Work task -
Images are not part of the copy; transcribe all the data exactly.

Supplied information -
--*--
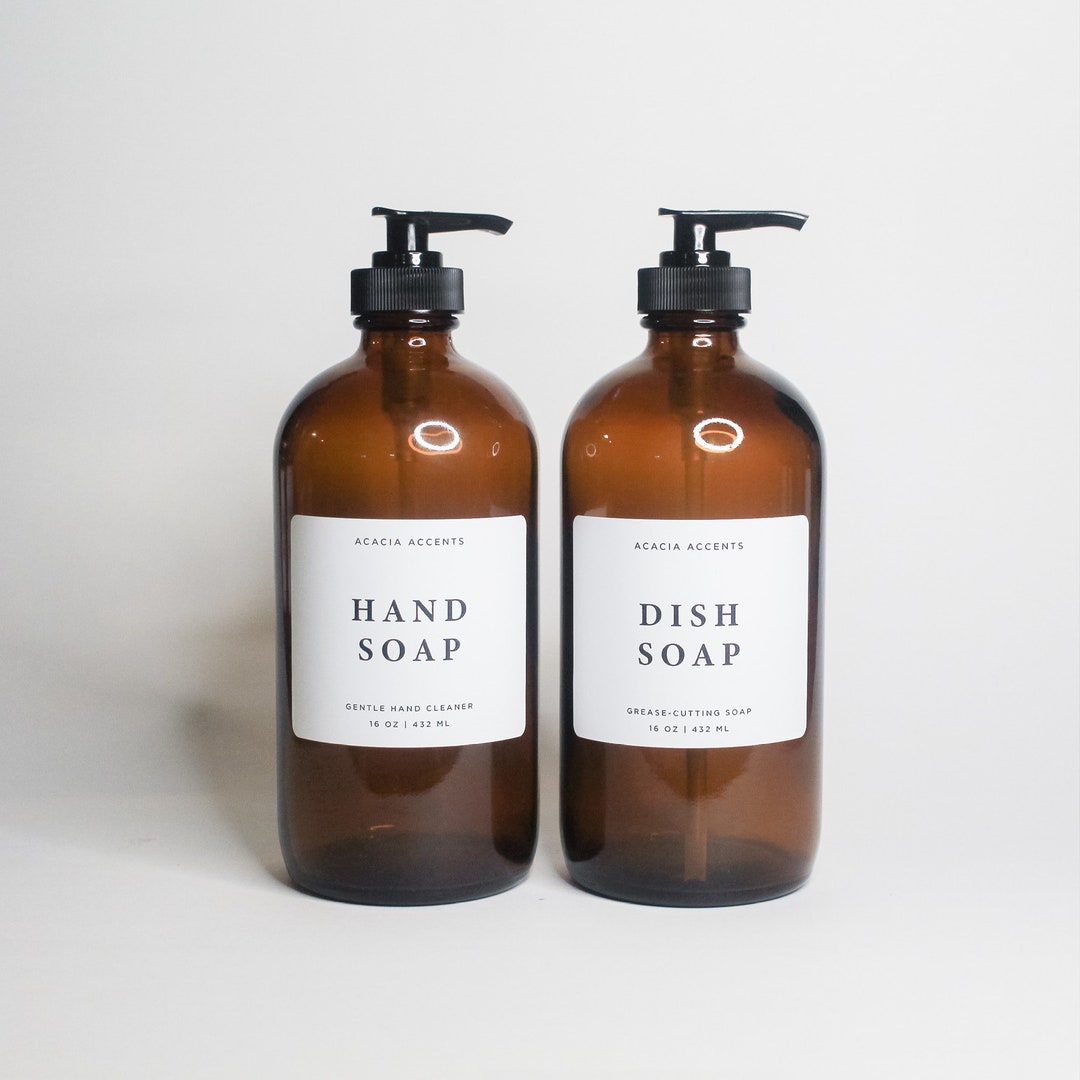 Hand Soap & Dish Soap Dispensers Amber Jar Dispensers Etsy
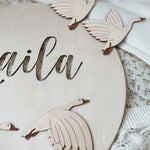 Houten Wandlamp met Ganzen en Naam image 2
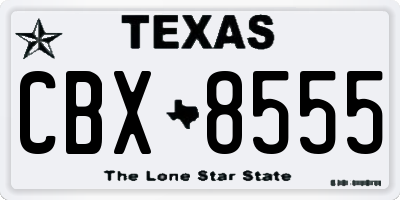 TX license plate CBX8555
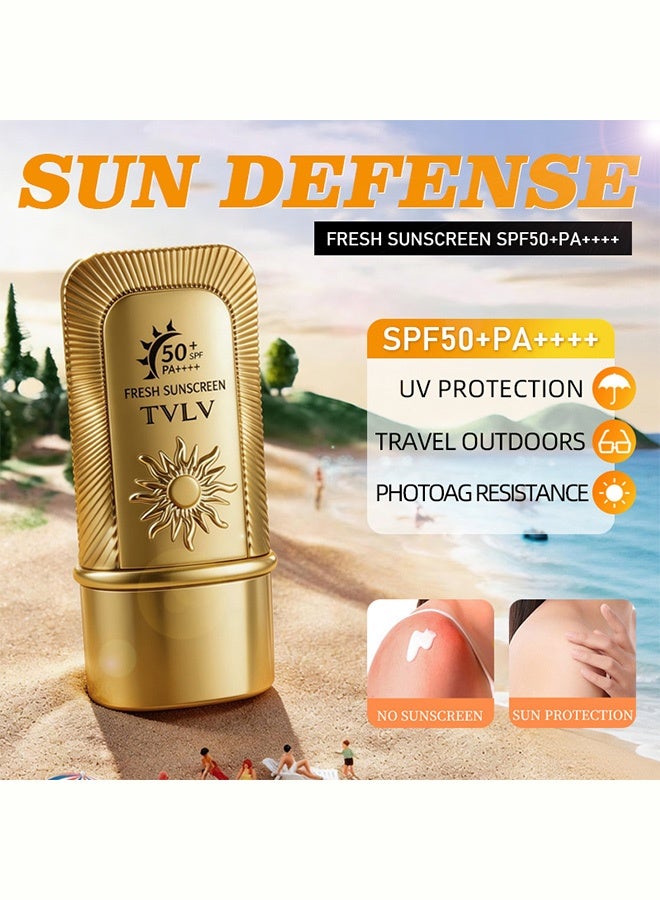 TVLV SPF 50+ PA++++ Sunscreen Stick, High Protection Fresh Sunscreen for Face & Body, Lightweight Non-Greasy Water Resistant Sun Stick, Easy to Apply for Daily & Outdoor Use 50g - Image 2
--*--
Response -
 Hand Soap & Dish Soap Dispensers Amber Jar Dispensers Etsy
 Houten Wandlamp met Ganzen en Naam image 2
 TX license plate CBX8555
 TVLV SPF 50+ PA++++ Sunscreen Stick, High Protection Fresh Sunscreen for Face & Body, Lightweight Non-Greasy Water Resistant Sun Stick, Easy to Apply for Daily & Outdoor Use 50g - Image 2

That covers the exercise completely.